CSUDH is playing a key role in this process with the newly launched Master of Arts in Humanities program. The program, abbreviated as HUX, was developed in partnership with the California Department of Corrections and Rehabilitation. It’s the first fully accredited graduate degree exclusively for incarcerated individuals in California.
The first HUX cohort started in September, with 33 students across multiple facilities. They committed to two years of coursework, focusing on subjects within the field of humanities that reflect their own interests and goals. Coursework can be completed via a combination of email, letters, phone conversations, and independent study.
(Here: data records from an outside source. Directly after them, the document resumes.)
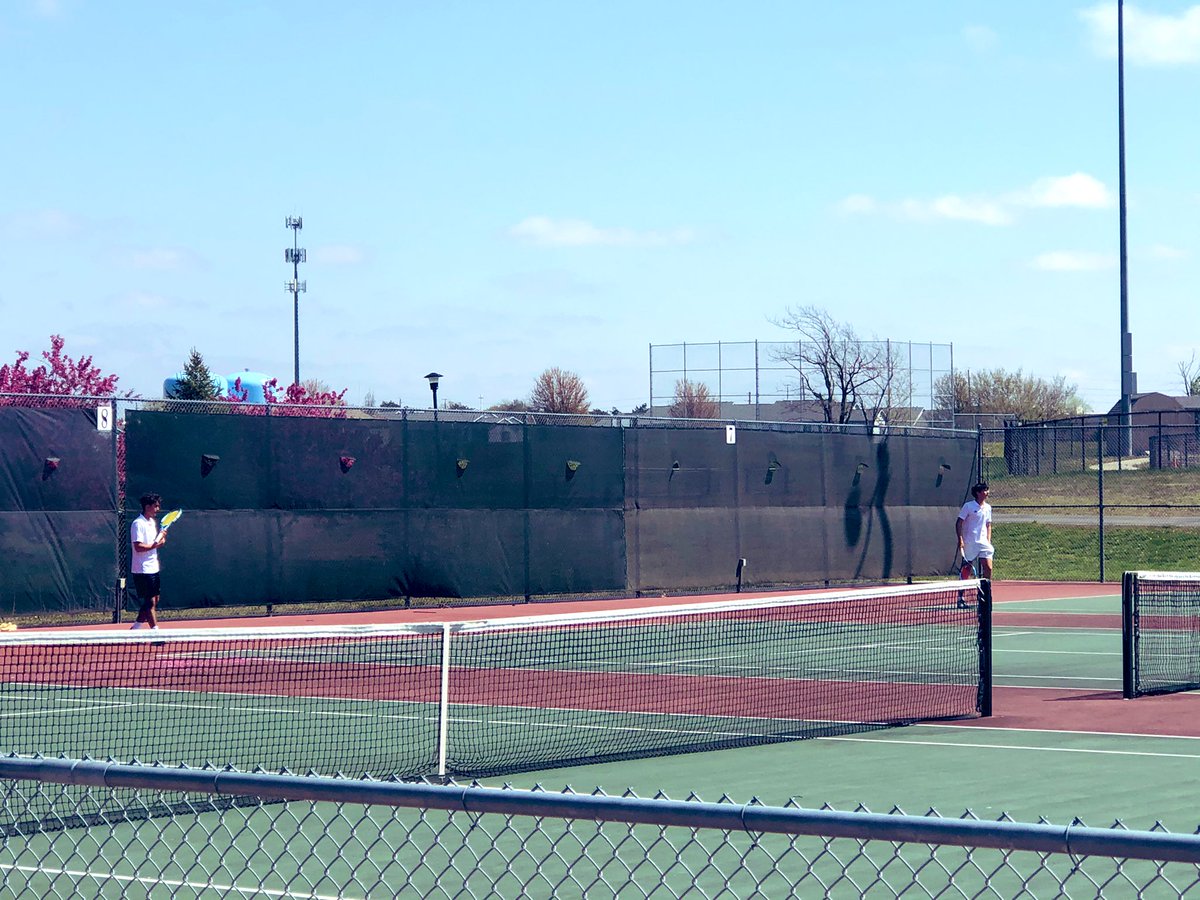 The Kansas wind showed up for this showdown between two Kansas MIAA teams. Let’s go <a href="/estatetennis/">Emporia State Tennis</a>! #StingersUp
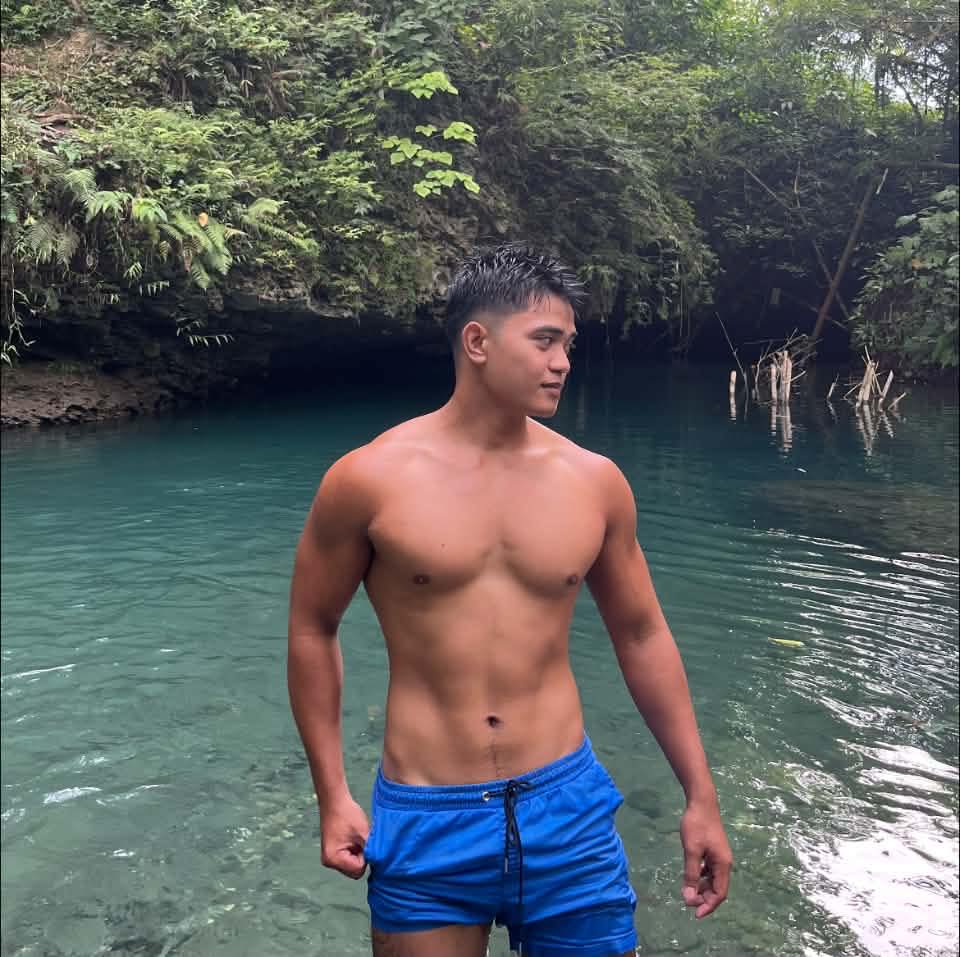 Sisay daw naggibo script kaini🫣😄 mas magayon pa man syempre ang pa ...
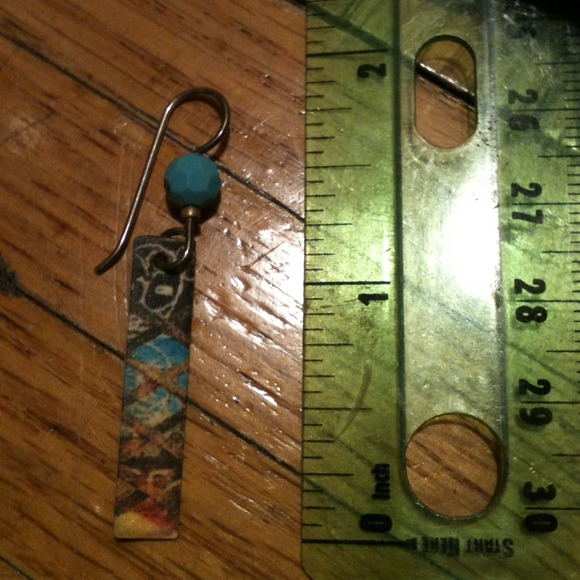 HP ⚡️Artwork Earrings - Picture 3 of 3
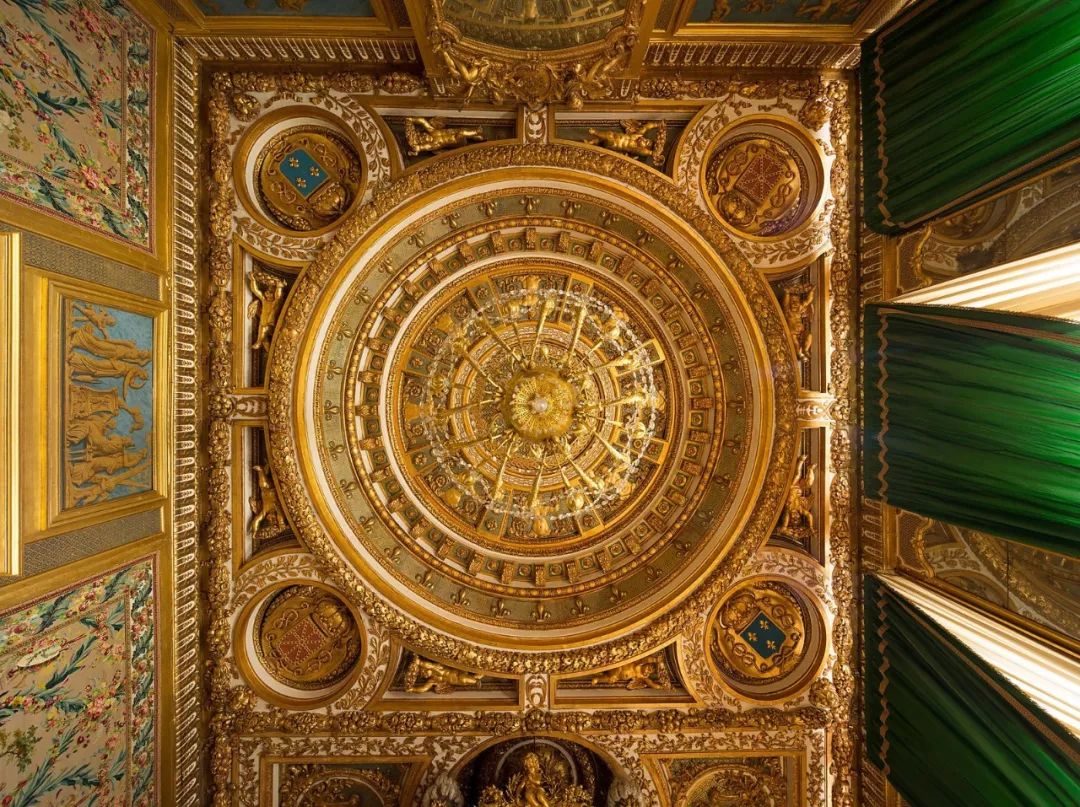 枫丹白露画风,民国风建筑风格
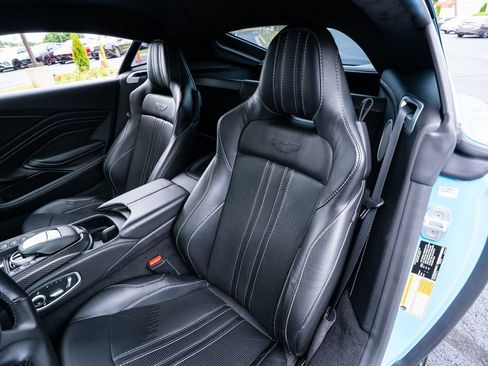 Used 2019 Aston Martin V8 Vantage Coupe RWD image 25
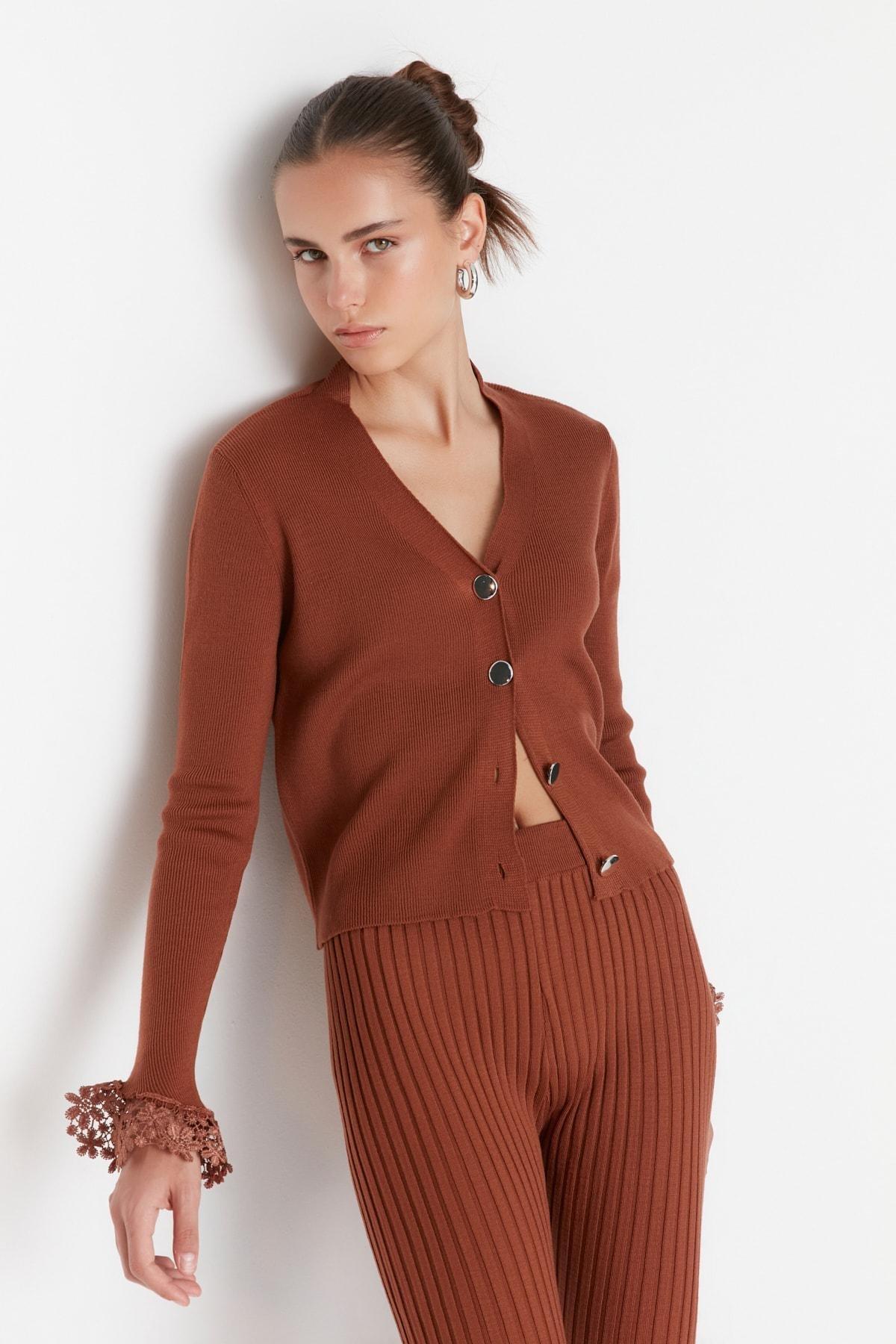 Brown V-Neck Co-Ord Set
, , large image number 2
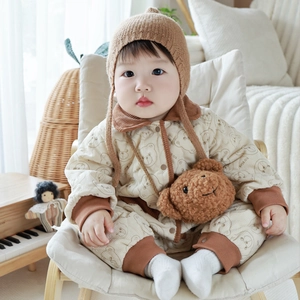 Infant winter quilted long sleeve romper set with bear patterns and matching knit hat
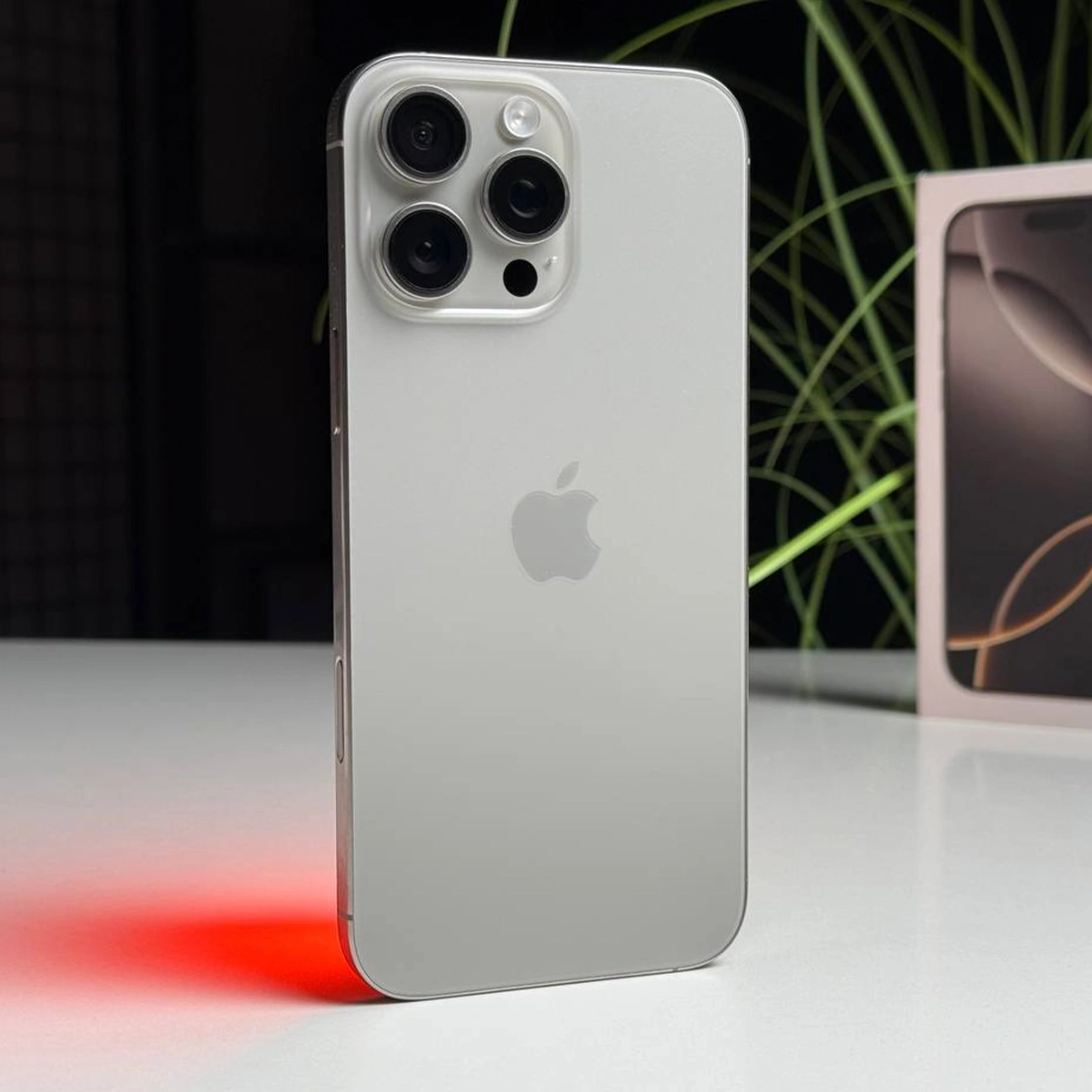 ВЖИВАНИЙ Б/У Apple iPhone 16 Pro Max 1TB Natural Titanium (MYX73) - Состояние: идеальный | Аккумулятор: 92% | Комплектация: полный | Гарантия: 3 мес.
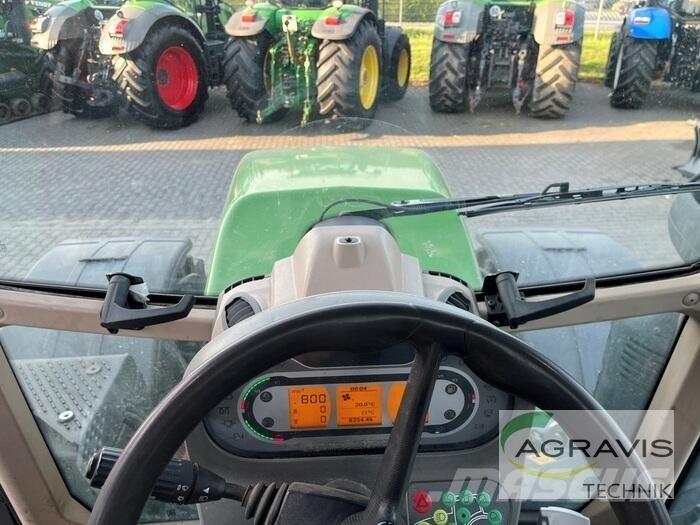 Fendt 718 VARIO S4 Tractoare
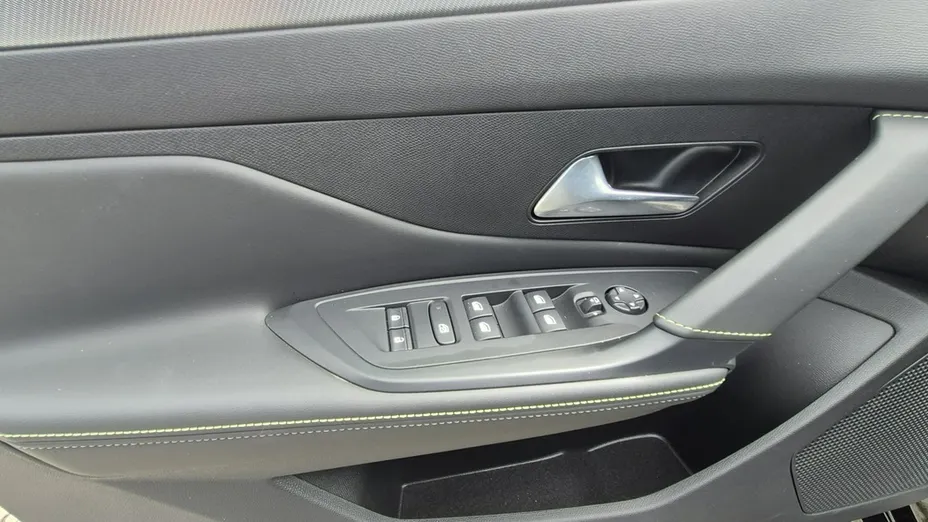 PEUGEOT 308 -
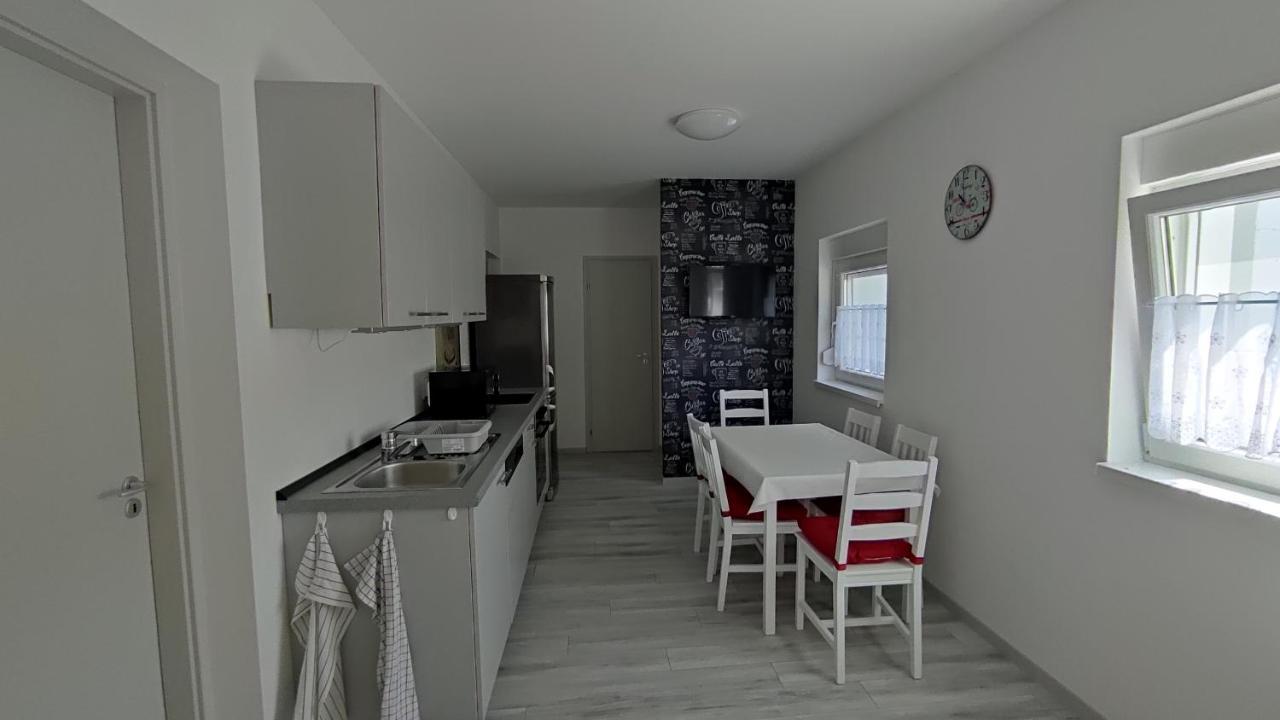 Bamboo Apartman Siofok Ngoại thất bức ảnh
CSUDH originally established HUX as a series of correspondence classes in the 1970s, and hundreds of students earned their degrees before the program ended in 2016. When HUX Program Director Matthew Luckett began working with the state to reboot it four years later, the timing was right: Congress passed legislation later that year making incarcerated people eligible for federal Pell Grant funding for the first time since 1994.
That’s provided a boost to prison education programs around the country, and Luckett says the investment should pay off, especially for an institution dedicated to social justice like CSUDH. “Few programs, academic or otherwise, have as high of a return on investment as prison education programs,” he says. “Our students don’t just stay out of jail—they become leaders in their communities.”